What if your kid is the bully (1)-min

Whether it was from another parent or a teacher, learning that your child might be bullying others is some of the worst news you can get. Take a deep breath. It’s natural to deny that it’s happening, but it’s okay. You’re not a failure as a parent. You just need to take some steps to help your child correct their behavior.

Start with an open conversation about the event and don’t immediately begin with punishments and criticism. Rather than immediately taking a strict tone, listen to them explain what they did and why. Bullying never happens without a cause, and can only be fixed by addressing the root of the problem. Take note of how long it has been going on as well as how many other kids it affected.

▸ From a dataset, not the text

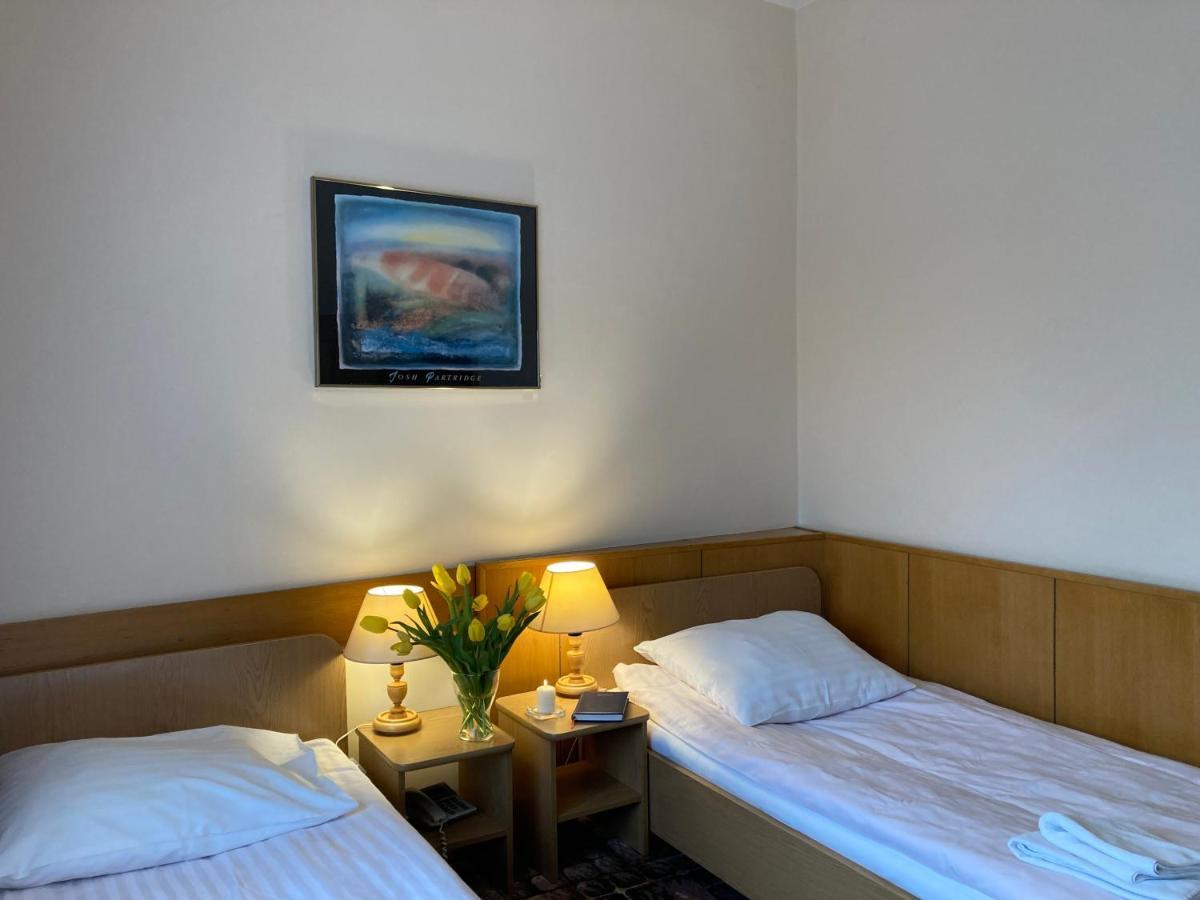 Karat Bed & Breakfast Varşovia Exterior foto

Put meaningful consequences in place for your kid’s actions. Establish what the consequences of their actions are, and hold them to it every time. An important thing to keep in mind is whether it’s a balanced punishment. Too much and your kid will give up on changing their behavior, too little and they won’t correct their behavior. Also, make sure that the “punishment fits the crime”. If your child is cyberbullying, for example, confiscating their internet devices would be a fitting consequence.

Now comes the hard part: take an honest look at behavior at home and make the changes you want to see in your child. Are there any arguments, interactions, or times you’ve lost your temper in front of them? Children can act on their own, but more often than not they are imitating something they’ve seen before. Change might mean having discussions in a different way, avoiding making specific jokes, or dealing with your anger in a better way. But always practice what you preach when you’re trying to correct behavior.

Finally, you should work with your kid to make things right for the kids that were being bullied. Have your child write apology letters, bring snacks into the class, or say nice things to the children who were wronged. If it’s a problem of feeling insecure or unwelcome in a class, help them work through it. No matter what, closely monitor their behavior afterward to be certain they won’t relapse into bullying again.